Exercise:
Drop the images, then output the listing exactly.

Supplied material:

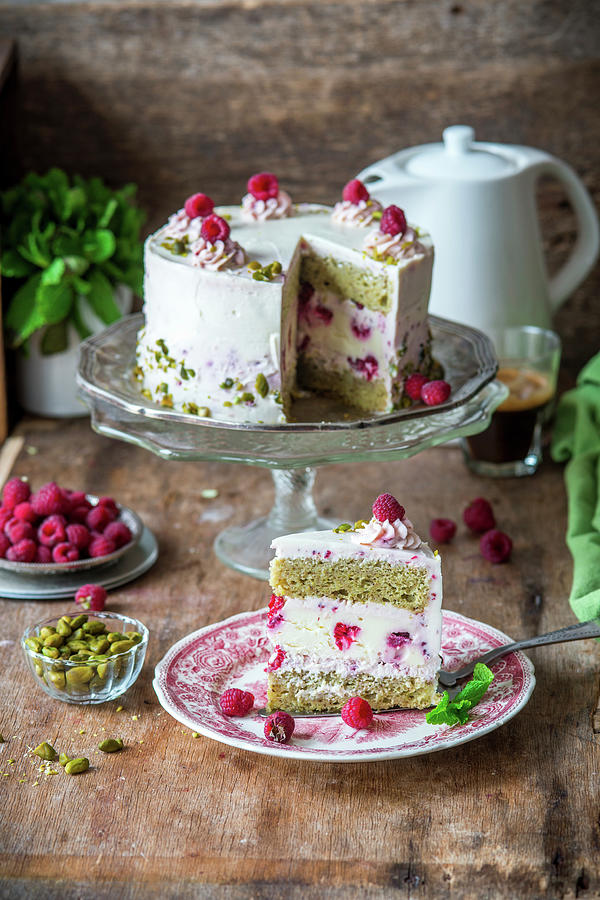 Cake With Pistachio Sponges, Baked Raspberry Cheesecake Layer And Raspberry Cream Cheese Photograph by Irina Meliukh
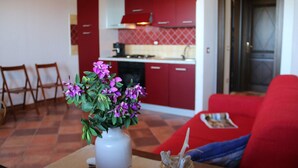 Ein Wohnzimmer mit einem roten Sofa, einem Couchtisch mit einer Vase voller violetter Blumen und einer Küche im Hintergrund mit roten Schränken und einer gefliesten Spritzschutzleiste.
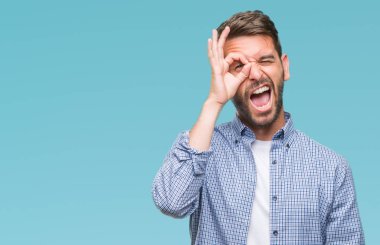 Sürpriz yüz, göz parmaklarının arasından seyir ile ok jest yapıyor izole arka plan üzerinde beyaz t-shirt giyen genç yakışıklı adam şok. İmansız ifade.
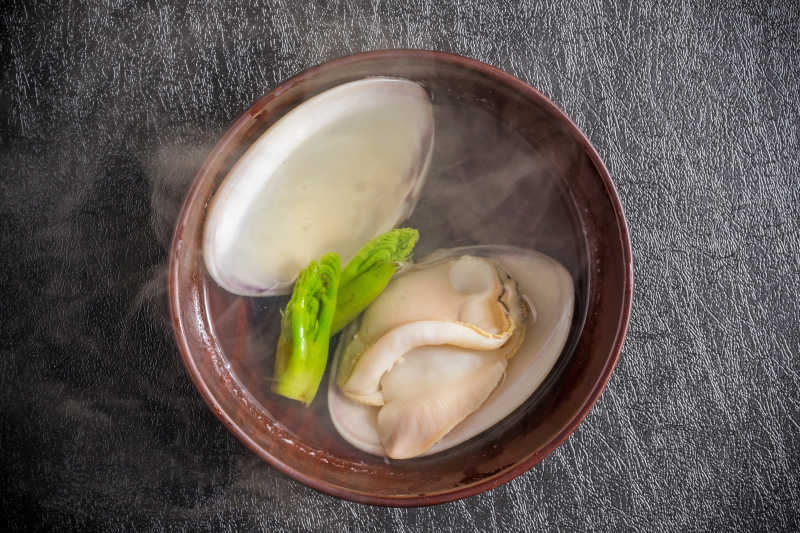 灰色桌上棕色瓷碗里的海鲜蛤蜊海鲜汤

Answer:
 Cake With Pistachio Sponges, Baked Raspberry Cheesecake Layer And Raspberry Cream Cheese Photograph by Irina Meliukh
 Ein Wohnzimmer mit einem roten Sofa, einem Couchtisch mit einer Vase voller violetter Blumen und einer Küche im Hintergrund mit roten Schränken und einer gefliesten Spritzschutzleiste.
 Sürpriz yüz, göz parmaklarının arasından seyir ile ok jest yapıyor izole arka plan üzerinde beyaz t-shirt giyen genç yakışıklı adam şok. İmansız ifade.
 灰色桌上棕色瓷碗里的海鲜蛤蜊海鲜汤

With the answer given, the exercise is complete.